Farm Street 175
5. Parish Life
From 1849 until 1966 Farm Street was not a parish as such but the Jesuit Church in central London, specializing in preaching, pastoral care, and a place of refuge for many becoming Catholic or returning to faith. The church was open to the public but not the centre of worship for a parish community, and sacraments such as marriage and baptism could not be celebrated. The reputation of Farm Street rested on the pulpit and the confessionals and the church became famous for the work of the Jesuit priests whose guidance given to those seeking advice led many to embrace the Catholic faith.
On 1 January 1966, over 100 years after the church’s opening, Farm Street became a parish church. There was a concelebrated Low Mass for the induction of the first parish priest, Fr John Brooks SJ (1920-1988) on 28 January and Cardinal John Heenan (1905-1975) was the principal celebrant. Weddings and baptisms could now take place, and a font was placed in the Calvary chapel. The proximity to high end hotels in which receptions could be held made Farm Street a fashionable place to get married.

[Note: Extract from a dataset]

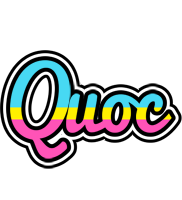 Quoc circus logo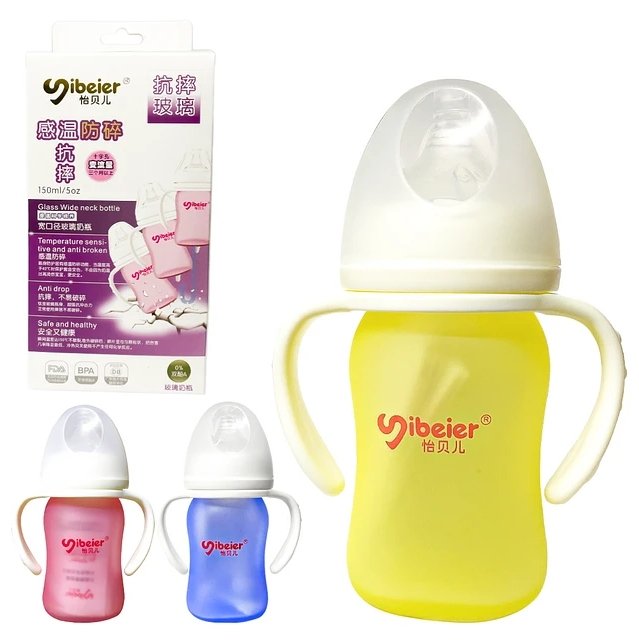 Mamadera 3 en 1 150ml - Tienda Mish!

In 1920 the Superior Fr Charles Galton SJ (1860-1936) introduced the weekly pulpit dialogues which saw two speakers expressing different viewpoints on the same subject from pulpits on opposite sides of the church. These were replaced for a time by a series of lectures in the Sodality Hall, to which every Catholic was expected to bring a non-Catholic guest. Speakers included G. K. Chesterton, Hilaire Belloc and Fr Bede Jarrett. In 1946 Fr Francis Devas SJ (1877-1951), introduced the Tuesday Talks, aimed particularly at non-Catholics.
Sodalities provided lay people with a way of better serving the Lord in their secular lives and members adhered to a strict set of rules. In the summer of 1950, the Sodality of the Immaculate Conception, founded in 1857 by Fr Peter Gallwey SJ (1820-1906), paid a Holy Year pilgrimage to Rome conducted by its director, Fr Handley Lillie SJ (1902-1967). According to the Farm Street Calendar, November 1950, the pilgrims paid the customary visits to the Major Basilicas, had Mass in the Catacombs, in the Gesù and in S Ignazio, enjoyed a country drive, and many other excitements.